The data is stored in parquet format in the object storage, the schema is stored a metastore database that is linked to Lentiq's meta data management system.
The query engine is SparkSQL which uses Spark's in-memory mechanisms and query planner to execute SQL queries on data.
1. Deploy the Spark SQL Application
From the Lentiq's left-hand application panel click on the SparkSQL icon.
Click Create Spark SQL.
2. Download JDBC drivers
SparkSQL is compatible with Apache Hive's JDBC connector version 1.x. It also has a Hadoop-core dependency that does not come with it.
mkdir ~/jdbc-drivers #you can put these anywhere
cd ~/jdbc-drivers
curl -O http://central.maven.org/maven2/org/apache/hive/hive-jdbc/1.2.1/hive-jdbc-1.2.1-standalone.jar
curl -O http://central.maven.org/maven2/org/apache/hadoop/hadoop-core/1.2.1/hadoop-core-1.2.1.jar
3. Configure your BI tool to use the JDBC drivers
The JDBC connectors should work with all JDBC compatible clients. For the purpose of this demonstration we're going to use Jetbrains's excelent DataGrip.
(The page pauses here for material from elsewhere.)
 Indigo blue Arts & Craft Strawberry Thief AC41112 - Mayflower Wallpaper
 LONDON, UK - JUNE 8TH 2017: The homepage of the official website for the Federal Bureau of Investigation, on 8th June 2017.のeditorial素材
- Click on the "+" sign and select "Driver":
- Click on the "+" sign from "Driver files" and add both jars
Rename the driver to "Hive 1.2.1"
Change the class to "org.apache.hive.jdbc.HiveDriver"
On the Options select the Apache Spark option in both Dialect and Icon dropdowns.
- Click OK
4. Create a database connection
- Click on the SparkSQL's Edit button and copy the JDBC URL. It should be in the form
jdbc:hive2://34.66.161.32:10000
In the same dialogue, at the Firewall tab make sure your IP is white listed from your current location.
In DataGrip, click the "+" sign and add a Data Source by selecting the newly added Hive 1.2.1.
Paste the URL in the "URL" field. Click Test Connection.
- If the test was successful click OK. If not, check your firewall settings at step 2.
You have now configured a data source.
5. Query the datasets
- Execute some queries on the connection:
SHOW TABLES
SELECT * FROM haireyecolor
Performance considerations
SparkSQL scales horizontally so if the performance is not satisfactory add more workers from SparkSQL's Configuration Tab. Depending on your use case you might need to add more RAM to support more complex joins.
Creating tables
Tables are created either through an import process using a Reusable Code Block, or created via a Jupyter notebook. In both situations they need to be "registered" in the metastore. To do so you need to execute Spark's saveAsTable()
function.
Another option is to directly create the tables from external files (such as parquet or CSV) from the external SQL tool.
For example to create a new table execute a CREATE TABLE ... LOCATION
command.
CREATE TABLE IF NOT EXISTS iris_dataset(`sl` double,`sw` double,`pl` double, `pw` double )
USING PARQUET
LOCATION '/datasets/iris-dataset.parquet'
To query the newly created table:
SELECT * from iris_dataset